● **Task goal**: Give the number of lines below that contain "Ruffle", with no other output.

Data shown section start

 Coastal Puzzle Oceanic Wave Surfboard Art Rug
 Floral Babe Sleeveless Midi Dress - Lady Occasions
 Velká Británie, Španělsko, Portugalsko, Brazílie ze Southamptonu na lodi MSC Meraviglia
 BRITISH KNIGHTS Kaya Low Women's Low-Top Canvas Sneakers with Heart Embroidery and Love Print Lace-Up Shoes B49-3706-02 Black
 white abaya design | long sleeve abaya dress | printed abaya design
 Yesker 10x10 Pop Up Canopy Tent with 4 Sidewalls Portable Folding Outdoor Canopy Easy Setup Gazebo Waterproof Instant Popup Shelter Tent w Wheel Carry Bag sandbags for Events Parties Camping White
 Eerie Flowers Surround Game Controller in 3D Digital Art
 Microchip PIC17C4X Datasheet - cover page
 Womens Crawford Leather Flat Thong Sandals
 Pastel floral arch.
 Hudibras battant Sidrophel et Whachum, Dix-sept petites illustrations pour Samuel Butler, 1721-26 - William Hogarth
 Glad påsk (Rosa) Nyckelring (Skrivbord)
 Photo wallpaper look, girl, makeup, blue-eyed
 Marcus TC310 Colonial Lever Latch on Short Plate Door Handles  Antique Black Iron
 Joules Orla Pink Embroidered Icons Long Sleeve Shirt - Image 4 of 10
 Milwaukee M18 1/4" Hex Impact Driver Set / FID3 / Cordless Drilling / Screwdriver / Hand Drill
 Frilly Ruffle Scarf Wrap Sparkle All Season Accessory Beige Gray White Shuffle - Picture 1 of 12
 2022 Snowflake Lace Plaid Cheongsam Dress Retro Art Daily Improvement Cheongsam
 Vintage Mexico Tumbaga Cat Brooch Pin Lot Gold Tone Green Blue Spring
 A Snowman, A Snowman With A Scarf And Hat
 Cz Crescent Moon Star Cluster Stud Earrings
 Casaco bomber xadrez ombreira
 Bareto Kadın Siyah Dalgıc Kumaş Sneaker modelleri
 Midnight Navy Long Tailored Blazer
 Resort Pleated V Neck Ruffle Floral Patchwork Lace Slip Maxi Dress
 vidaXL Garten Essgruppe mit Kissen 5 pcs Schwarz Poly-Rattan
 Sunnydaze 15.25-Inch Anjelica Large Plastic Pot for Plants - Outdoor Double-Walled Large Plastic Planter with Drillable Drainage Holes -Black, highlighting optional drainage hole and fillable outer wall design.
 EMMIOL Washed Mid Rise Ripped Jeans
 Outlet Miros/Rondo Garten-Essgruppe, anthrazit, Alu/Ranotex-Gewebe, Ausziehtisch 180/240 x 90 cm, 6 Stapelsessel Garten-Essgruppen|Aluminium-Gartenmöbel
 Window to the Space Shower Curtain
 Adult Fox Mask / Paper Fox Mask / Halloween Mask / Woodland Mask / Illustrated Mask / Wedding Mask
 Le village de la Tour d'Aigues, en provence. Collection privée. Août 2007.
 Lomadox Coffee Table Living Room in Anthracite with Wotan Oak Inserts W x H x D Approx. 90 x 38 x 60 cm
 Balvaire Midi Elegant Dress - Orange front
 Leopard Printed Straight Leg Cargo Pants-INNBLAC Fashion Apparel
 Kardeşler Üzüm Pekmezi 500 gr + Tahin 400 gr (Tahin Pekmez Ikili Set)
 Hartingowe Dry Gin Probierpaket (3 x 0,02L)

Data shown section end

● **Response to this exercise**: 2